Wow! 28 lumens in a 5mm, that is astounding...THanks for the info


----------



## bcm00re (Dec 14, 2020)

Can anyone recommend the best/brightest 5mm LED in 2020? And where/how to buy them? I am hoping to hear you can get more than 28 lumen out of a 5mm now.


----------



## id30209 (Dec 14, 2020)

bcm00re said:


> Can anyone recommend the best/brightest 5mm LED in 2020? And where/how to buy them? I am hoping to hear you can get more than 28 lumen out of a 5mm now.

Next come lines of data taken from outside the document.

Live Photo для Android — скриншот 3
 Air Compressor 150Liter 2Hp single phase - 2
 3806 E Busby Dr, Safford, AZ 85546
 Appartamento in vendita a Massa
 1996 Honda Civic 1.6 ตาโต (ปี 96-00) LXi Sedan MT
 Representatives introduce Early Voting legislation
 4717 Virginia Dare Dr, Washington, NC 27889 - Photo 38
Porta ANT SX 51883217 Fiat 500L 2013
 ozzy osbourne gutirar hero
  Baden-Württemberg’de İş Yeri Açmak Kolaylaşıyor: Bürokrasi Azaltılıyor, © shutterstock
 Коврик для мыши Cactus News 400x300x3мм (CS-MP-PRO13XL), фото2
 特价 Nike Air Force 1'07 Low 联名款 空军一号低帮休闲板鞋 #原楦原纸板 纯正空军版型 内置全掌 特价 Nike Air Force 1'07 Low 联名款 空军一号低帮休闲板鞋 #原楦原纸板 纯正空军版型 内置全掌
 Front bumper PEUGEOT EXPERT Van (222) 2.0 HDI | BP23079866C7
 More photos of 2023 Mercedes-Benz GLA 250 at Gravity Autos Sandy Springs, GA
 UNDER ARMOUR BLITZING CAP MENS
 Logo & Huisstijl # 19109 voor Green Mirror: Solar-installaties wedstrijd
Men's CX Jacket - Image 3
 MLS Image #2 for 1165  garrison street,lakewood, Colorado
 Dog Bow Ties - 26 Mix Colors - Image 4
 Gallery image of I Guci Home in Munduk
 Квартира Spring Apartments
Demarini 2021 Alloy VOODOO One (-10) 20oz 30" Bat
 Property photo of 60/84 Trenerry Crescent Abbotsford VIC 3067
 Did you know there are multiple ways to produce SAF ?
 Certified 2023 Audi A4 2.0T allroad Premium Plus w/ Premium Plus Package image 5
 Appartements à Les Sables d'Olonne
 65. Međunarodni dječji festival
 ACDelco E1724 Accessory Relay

You are asking too much. Those lumens are SMD ratings and not Wired.
But you are lucky anyhow.
Sophia has 5mm emitter at 3400K and 96CRI. Tested and confirmed at 130mA and giving around 27lumens


Sent from Tapatalk


----------



## bcm00re (Dec 14, 2020)

I can live with that -- thanks!! Now where can I buy these?


----------



## bcm00re (Dec 15, 2020)

It would seem the Sophia one is going to be hard to source. Can anyone here recommend an eBay seller that offers quality 5mm white LEDs (understanding they won't be near as bright)? I found some suggestions in old threads but their links are no longer valid.


----------



## Katherine Alicia (Dec 15, 2020)

you could try giving rngwn a PM here: https://budgetlightforum.com/node/69056


----------



## bcm00re (Dec 15, 2020)

Thank you Katherine!


----------



## Katherine Alicia (Dec 15, 2020)

Happy to help!


----------



## alpg88 (Dec 15, 2020)

nichia gs used to be the brightest, not blue, 5mm leds, they also could handle 30ma, they make about 30lm,

there are 5chip 5mm leds that run at 100ma they even have wide base on the negative leg for heatsinking, i tried several of those, at 100ma they do not look much brighter to an eye than nichias. nor they last long at that current, they look very cool at low current, low enough to see each chip separately,


----------



## bcm00re (Dec 15, 2020)

Thanks for the info! Wow the Nichia GS can really do 30 lumen with just 30ma? That looks impressive when the newer Sofia LEDs take 170ma to get the same output (but to be fair I suspect the Nichia isn't high CRI). Anyone know how many lumens I can get out of a Nichia CS? I found someone selling 100 for just $10 shipped which looks tempting unless the GS is orders of magnitude better.


----------



## Lynx_Arc (Dec 15, 2020)

I believe in order of brightness and efficiency it goes Nichia DS, then GS. I have some DS and GS and the GS have a purple tint and a rectangular beam pattern. I prefer the output of the Cree 5mm over Nichia GS. I don't think the GS can do 30 lumens using 30ma if that were at 3.2vdc nominal that would be around 300 lumens/watt. I think more likely around 80-100 lumens/watt is a better target range. I think it was more like 27 lumens at 100ma or so. I actually prefer the Cree 5mm LEDs over the Nichias even though not as bright has a nicer beam and a whiter bluish tint than ugly purple.
Unless you "need" the plastic beam type package I'm preferring the SMD chip type LEDs over 5mm now as better tints and nicer floody output and efficiencies of 80-120 lumens/watt I think.


----------



## id30209 (Dec 16, 2020)

I’m not sure Nichia is still on point... 
Have you checked meassurement by djozz?
Here presented are 2 Sophia’s with CRI so high that Nichia is not nowhere close but 32K goes high in output







Sent from Tapatalk


----------



## pambihira (Dec 31, 2020)

following this post. Looking to acquire Sophias, and Yujis some time soon.


----------